__Problem statement__.
Only the lines running from the line with "medalla de la madre" to the end of the listing below should be copied, exactly, without pictures.

__Excerpted data__.
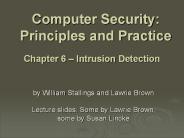 Computer Security: Principles and Practice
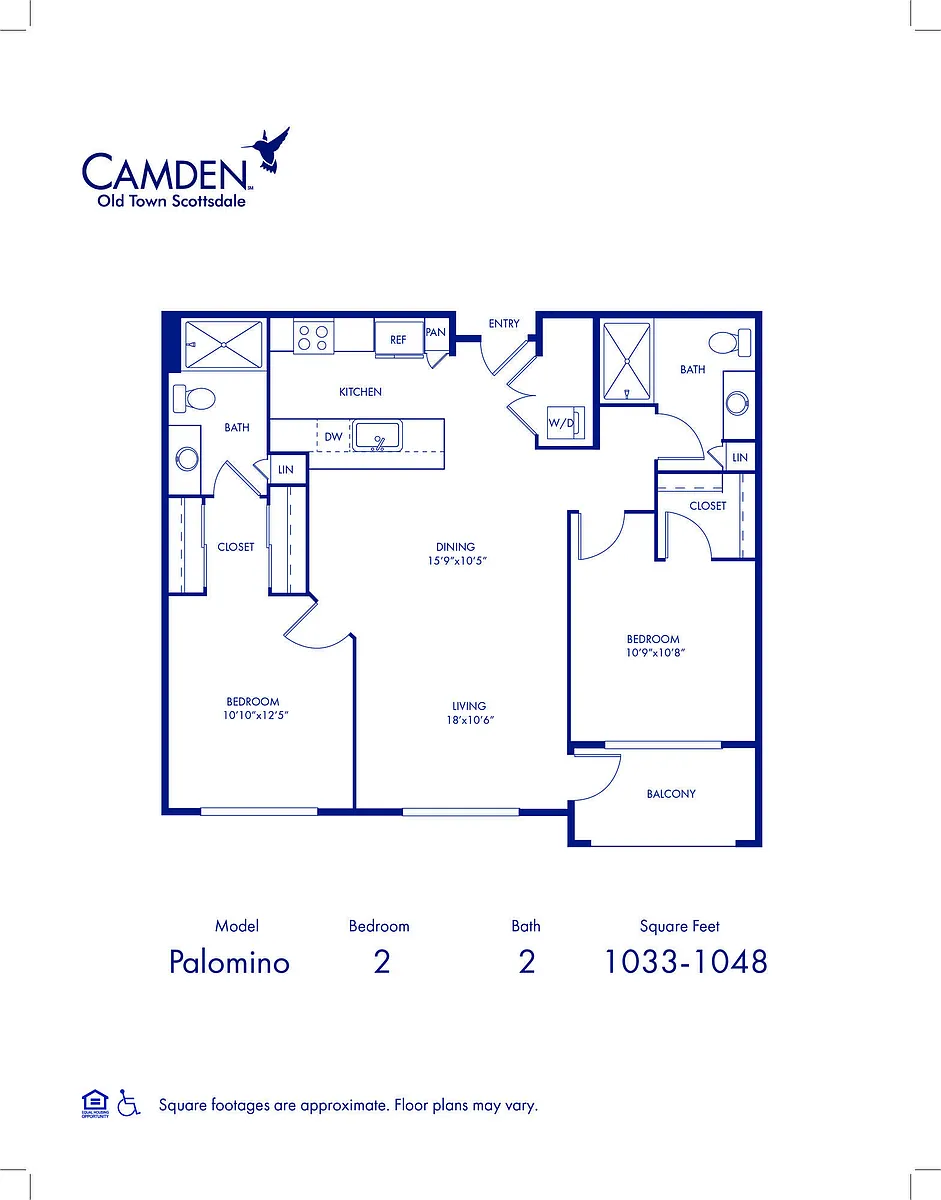 Floor plan Palomino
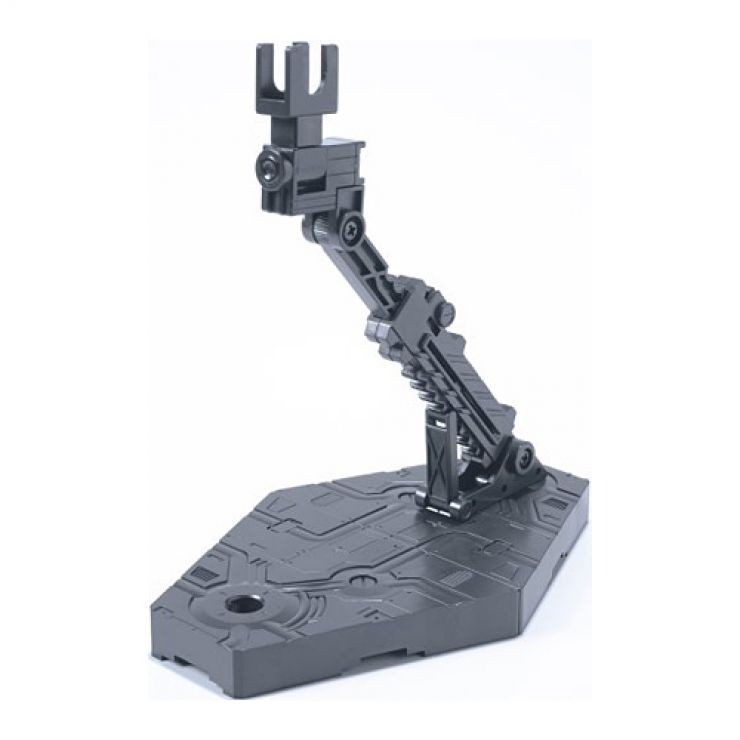 Gray Action Base 2 Display Stand 1/144 (Gundam Model Accessory)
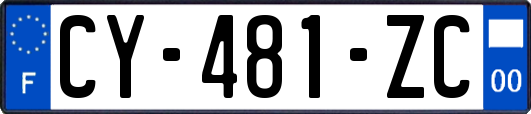 CY-481-ZC
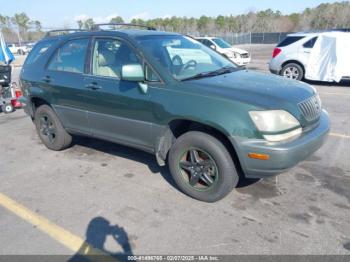  Salvage Lexus RX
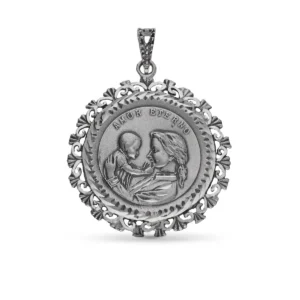 medalla de la madre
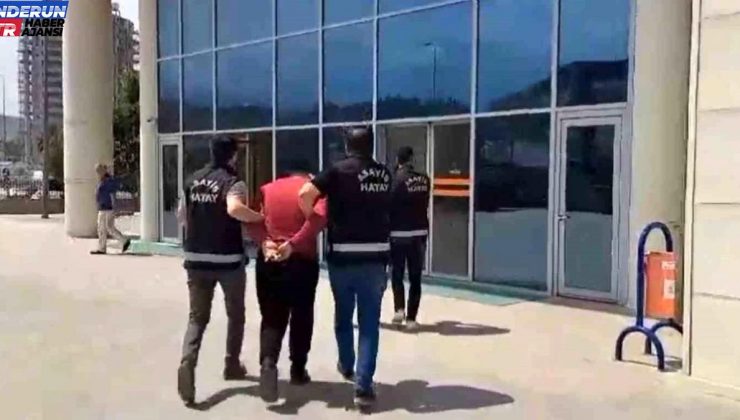 Hatay’da işyeri kurşunlama ve tehdit olayına karışan 2 kuşkulu yakalandı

__Output for this task__.
 medalla de la madre
 Hatay’da işyeri kurşunlama ve tehdit olayına karışan 2 kuşkulu yakalandı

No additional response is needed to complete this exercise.